Questa quinta sezione è quella in cui il lettore si convince al 100% dell’importanza di un libro come questo. L’Heads Up non è soltanto una specialità limitata a chi ama questo genere di partita, ma una tipologia di gioco con la quale volenti o nolenti dobbiamo confrontarci tutti. Anche durante le fasi di un MTT possiamo trovarci nell’uno vs uno, ovviamente al flop e nelle street successive, dopo che i rilanci pre-flop hanno fatto una scrematura degli avversari al tavolo.

Arriviamo quindi agli ultimi due capitoli, il sesto e il settimo, ossia quello sul Metagame – molto importante in una specialità così psicologica – e quello sulla carriera del giocatore di Heads Up.

 

Considerazioni personali

Un libro in pieno stile 2+2: pochi fronzoli e tanta, tanta, pratica e teoria. Questo è Heads Up No Limit Holdem di Moshman.

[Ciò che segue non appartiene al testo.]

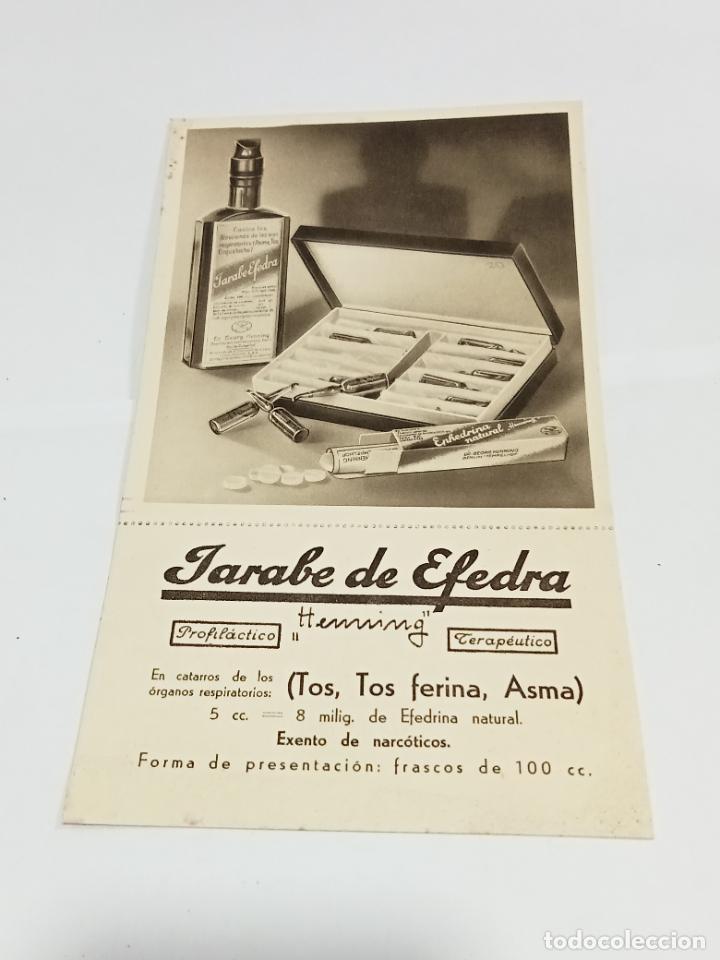Sammelleidenschaft Papier: PUBLICIDAD FARMACIA. JARABE DE EFEDRA. HENNING. TOS, TOS FERINA, ASMA. BARCELONA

Si tratta di fatto del primo libro interamente dedicato all’Heads Up. Un libro quindi che ci voleva, giacché l’Heads Up dovrebbe interessare più o meno tutti e non solo chi vi si dedica nella specialità cash game.

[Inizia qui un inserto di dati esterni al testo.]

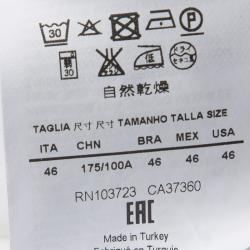 Pre Owned Emporio Armani White Frill Cuff Detail Long Sleeve Shirt L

Moshman inoltre ha il pregio di farsi capire anche dai novizi, accompagnando ogni sua considerazione con esempi pratici di mani inventate o da lui stesso giocate, analogamente a quanto fatto in Sit ’n Go Strategy.

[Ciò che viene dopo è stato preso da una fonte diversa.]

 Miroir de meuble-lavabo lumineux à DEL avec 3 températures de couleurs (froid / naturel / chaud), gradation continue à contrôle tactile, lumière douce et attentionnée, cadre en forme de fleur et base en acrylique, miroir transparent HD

Tuttavia, quando si scrive una recensione di un libro è bene mettere addosso i panni dell’avvocato del diavolo e andare a ricercare tutto ciò che non va nel libro stesso.

Aldilà dell’indubbio talento dell’autore, della chiarezza dei contenuti, dell’importanza della materia trattata, il libro liquida forse con troppa rapidità la componente psicologica, che nell’Heads Up riveste un ruolo centrale. Si, c’è un capitolo sul Metagame, ma ne manca uno essenziale sul mindset nell’Heads Up. Direte voi: ”Ma il mindset è fondamentale in tutte le discipline di poker!” Senz’altro, ma nell’Heads Up lo è ancora di più e questo lo sanno tutti i giocatori più esperti. Purtroppo però il libro è destinato ai novizi e un “foglietto illustrativo” del genere: “l’Heads Up nuoce gravemente alla salute” avrebbe senz’altro giovato agli impavidi esordienti.
Questo e altri peccatucci veniali (a volte Moshman esagera un po' con gli esempi) sono perdonabili, alla luce del fatto che acquisterete il primo libro, di un certo spessore, interamente incentrato sugli Heads Up: un testo che va a coprire una lacuna gravissima nel mercato didattico del poker.

Heads Up No Limit Hold'em di Collin Moshman in italiano è disponibile su Amazon. La versione download in formato Kindle o PDF è presente solo in lingua inglese.